### WORK TO BE COMPLETED
Every entry must be repeated exactly in the answer.

### TASK DATA
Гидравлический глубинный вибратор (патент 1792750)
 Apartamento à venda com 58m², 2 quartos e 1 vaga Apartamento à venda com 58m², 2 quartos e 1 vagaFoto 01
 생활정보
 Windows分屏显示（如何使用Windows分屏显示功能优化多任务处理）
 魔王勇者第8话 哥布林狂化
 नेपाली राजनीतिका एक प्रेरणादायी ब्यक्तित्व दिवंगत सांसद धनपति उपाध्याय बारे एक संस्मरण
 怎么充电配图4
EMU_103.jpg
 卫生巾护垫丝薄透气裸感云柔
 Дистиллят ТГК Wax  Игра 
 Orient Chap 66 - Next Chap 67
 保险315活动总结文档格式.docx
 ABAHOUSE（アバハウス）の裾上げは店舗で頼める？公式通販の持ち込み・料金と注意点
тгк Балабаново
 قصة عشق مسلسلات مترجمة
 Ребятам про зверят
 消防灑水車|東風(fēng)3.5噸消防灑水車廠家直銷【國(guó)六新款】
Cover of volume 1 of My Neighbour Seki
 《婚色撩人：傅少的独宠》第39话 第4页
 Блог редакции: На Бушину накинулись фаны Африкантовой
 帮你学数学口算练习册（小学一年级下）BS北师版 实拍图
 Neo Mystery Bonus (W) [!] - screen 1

### RESPONSE BOX
Гидравлический глубинный вибратор (патент 1792750)
 Apartamento à venda com 58m², 2 quartos e 1 vaga Apartamento à venda com 58m², 2 quartos e 1 vagaFoto 01
 생활정보
 Windows分屏显示（如何使用Windows分屏显示功能优化多任务处理）
 魔王勇者第8话 哥布林狂化
 नेपाली राजनीतिका एक प्रेरणादायी ब्यक्तित्व दिवंगत सांसद धनपति उपाध्याय बारे एक संस्मरण
 怎么充电配图4
EMU_103.jpg
 卫生巾护垫丝薄透气裸感云柔
 Дистиллят ТГК Wax  Игра 
 Orient Chap 66 - Next Chap 67
 保险315活动总结文档格式.docx
 ABAHOUSE（アバハウス）の裾上げは店舗で頼める？公式通販の持ち込み・料金と注意点
тгк Балабаново
 قصة عشق مسلسلات مترجمة
 Ребятам про зверят
 消防灑水車|東風(fēng)3.5噸消防灑水車廠家直銷【國(guó)六新款】
Cover of volume 1 of My Neighbour Seki
 《婚色撩人：傅少的独宠》第39话 第4页
 Блог редакции: На Бушину накинулись фаны Африкантовой
 帮你学数学口算练习册（小学一年级下）BS北师版 实拍图
 Neo Mystery Bonus (W) [!] - screen 1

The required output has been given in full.